D. Nella sua esperienza, in quali contesti e con quali motivazioni viene più frequentemente richiesto un assessment?

R. Generalmente è un processo largamente diffuso in aziende medio-grandi o multinazionali, ma l’ho introdotto anche in micro e piccole imprese con ottimi risultati.
È  una metodologia ottimale per i processi volume, quando un’azienda ha più posizioni aperte e molti candidati da vedere. È utile soprattutto perché consente confronti diretti tra i comportamenti e le caratteristiche dei candidati, anche all’interno della stessa aula.
Quelli più impegnativi sono quelli di sviluppo. Spesso le aziende hanno già il candidato ideale in testa per un possibile avanzamento e chiedono conferma a un occhio esperto prima della scelta. Mi è capitato di stravolgere le loro scelte e la restituzione alla committenza in quei casi è stata molto delicata.

D. Come variano le metodologie di assessment impiegate nella selezione del personale rispetto alla valutazione del potenziale o comunque in momenti diversi rispetto a quello di ingresso nell’azienda?

R. Più che nello svolgimento dell’assessment vero e proprio, l’impostazione del lavoro cambia a monte e a valle del processo di valutazione. In caso di valutazione del potenziale, o development center, particolare attenzione deve essere posta alla lettura iniziale del contesto di riferimento, raccogliendo elementi sulla cultura aziendale, su dove operano le risorse da inserire e su quali sono le aspettative e le dinamiche interne. Altro fattore importante è il tempo dedicato alla restituzione del feedback a ciascun candidato, fase generalmente prevista solo nei percorsi di sviluppo.

D. Quale tipologia di strumenti di assessment utilizza con maggiore frequenza?

R. La mia batteria “ideale” comprende generalmente un esercizio “ice breaking” di presentazione dei candidati, un test attitudinale, una prova di gruppo, un questionario di personalità e un colloquio di approfondimento. Posso inserire più prove di gruppo o più attitudinali, così come esercitazioni in-basket o in-tray, ma la scelta è sempre determinata dal modello di competenze da valutare.

D. Dal momento che opera come consulente esterno, le è mai capitato che la committenza richieda necessariamente la misurazione di un determinato costrutto? O l’utilizzo di un particolare strumento?

R. La definizione preliminare del modello di competenze da indagare è parte fondante di ciascun percorso di valutazione. Quindi i costrutti da indagare sono sempre concordati con il committente sulla base delle sue esigenze e di cosa prevede il ruolo in oggetto. Capita talvolta che la committenza si affezioni a certi strumenti e ne richieda l’utilizzo per poter effettuare confronti con valutazioni passate. Purtroppo talvolta ho visto utilizzare anche strumenti che di scientificità ne hanno ben poca. In questo caso bisogna “educare” il cliente su validità e attendibilità di uno strumento.

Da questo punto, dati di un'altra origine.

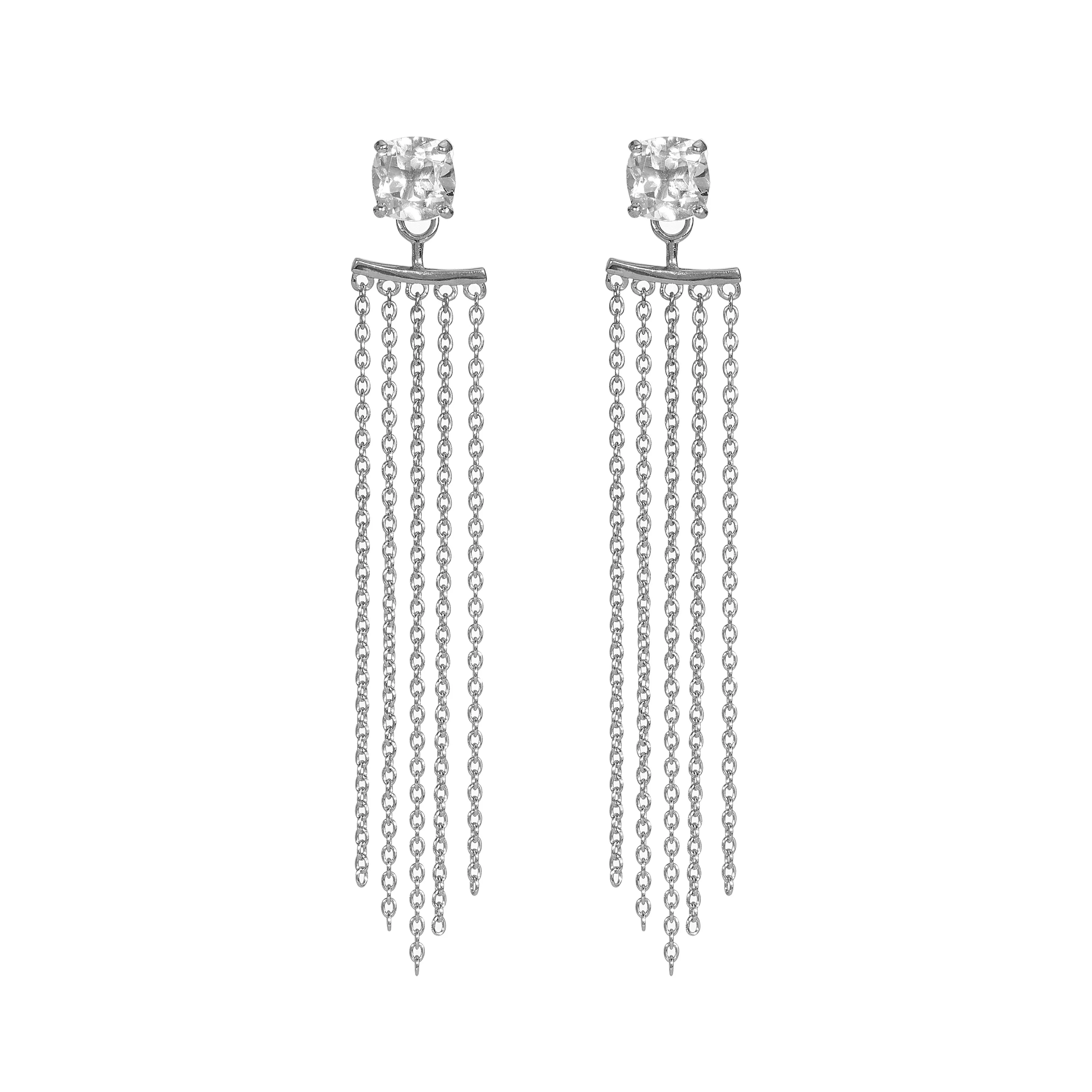 Earrings - White Topaz with Rhodium Ear Jacket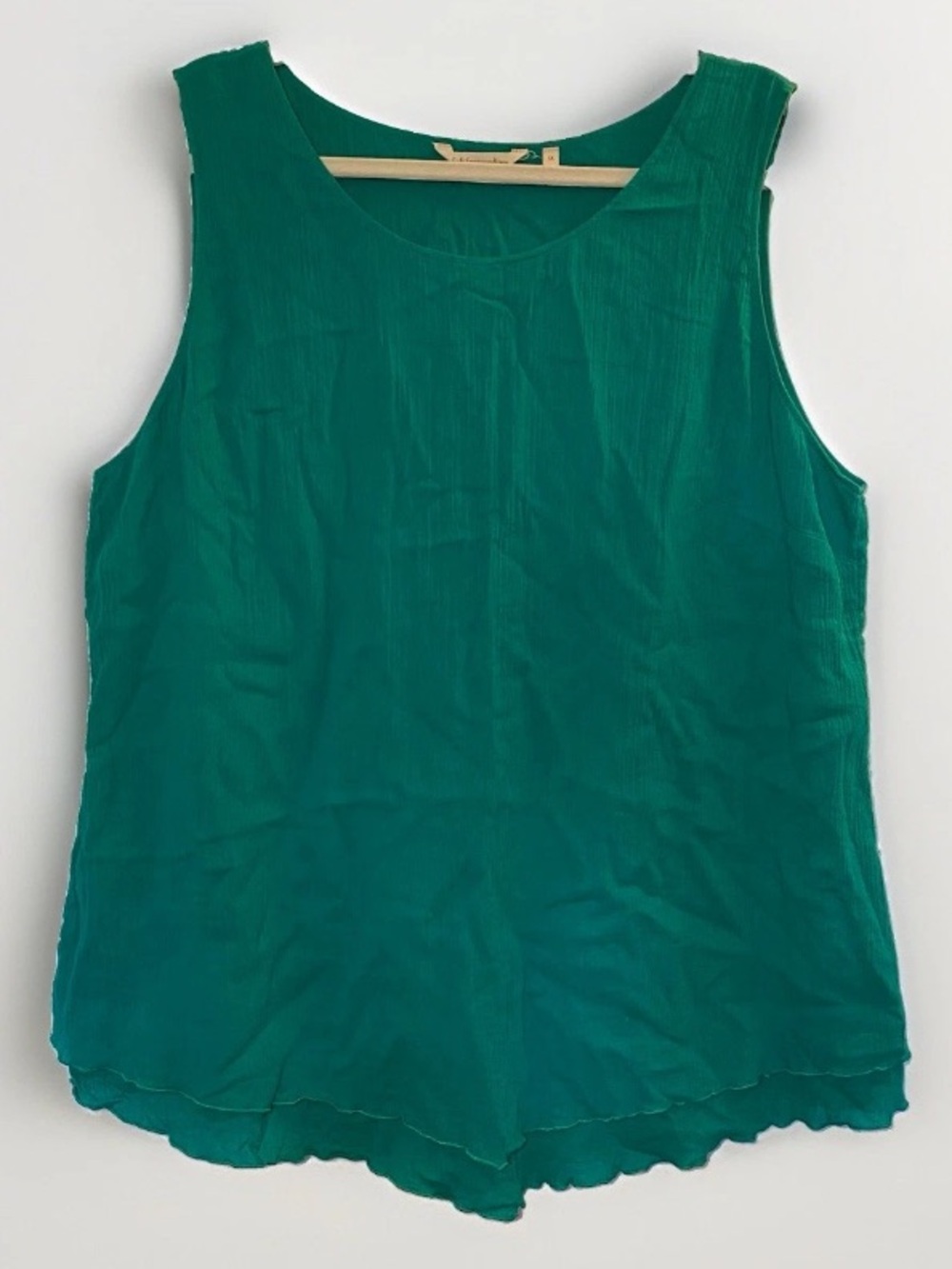 Soft Surroundings Women’s 1X Top Blouse Tank Teal Green Sleeveless Layered Boho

D. Un buon assessment center quanto dovrebbe durare, secondo lei? E quali variabili dovrebbero essere indagate?

R. Progettare un assessment è una questione di equilibrio tra più fattori: la quantità di informazioni che voglio ricavare, il numero di candidati che devo valutare, il numero di assessor presenti. Sulla base di questi fattori è possibile progettare assessment da mezza giornata così come da due giornate, assicurandosi l’utilizzo di metodi e strumenti che diano indicazioni su aspetti cognitivi, operativi e relazionali di ciascun candidato.

D. Nelle procedure di assessment, preferisce somministrare i test in presenza del candidato o a distanza attraverso internet?

R. È bene considerare sempre le condizioni di somministrazione di un test, esplicitando le finalità del percorso di valutazione. La questione del cheating, ossia che in candidato cerchi di imbrogliare nelle risposte soprattutto nei test attitudinali facendosi magari aiutare da altri, è un problema prevalentemente italiano. Sono a conoscenza purtroppo di candidati che cercano di acquistare i test per esercitarsi a casa e per trarne vantaggio durante le prove.
In linea di massima i test di massima performance cerco di somministrarli in presenza, mentre questionari di personalità o motivazionali posso distribuirli attraverso internet nelle fasi di pre-work. Sempre più frequentemente prevedo l’utilizzo di PC o tablet in aula per accorciare i tempi di scoring successivi e quindi abbandonare definitivamente i test cartacei.

D. Secondo lei, le aziende pubbliche dovrebbero in qualche modo ispirarsi alle aziende private nel fare assessment?

R. Questo è un passaggio culturale lento e delicato. Il settore pubblico è ancora troppo legato esclusivamente a conoscenze e competenze tecniche e in fase di selezione, ossia nei concorsi pubblici. È attento a munirsi di strumenti prevalentemente quantitativi per poter stabilire una chiara graduatoria dei candidati. In azienda la valutazione di aspetti relazionali, motivazionali o di personalità, quindi più qualitativi, è maggiormente consolidata. Il “sapere” tecnico è spesso messo in secondo piano e si pone sempre più l’accento al “saper essere”, centrando quindi la valutazione su aspetti difficilmente valutabili in modo strettamente quantitativo.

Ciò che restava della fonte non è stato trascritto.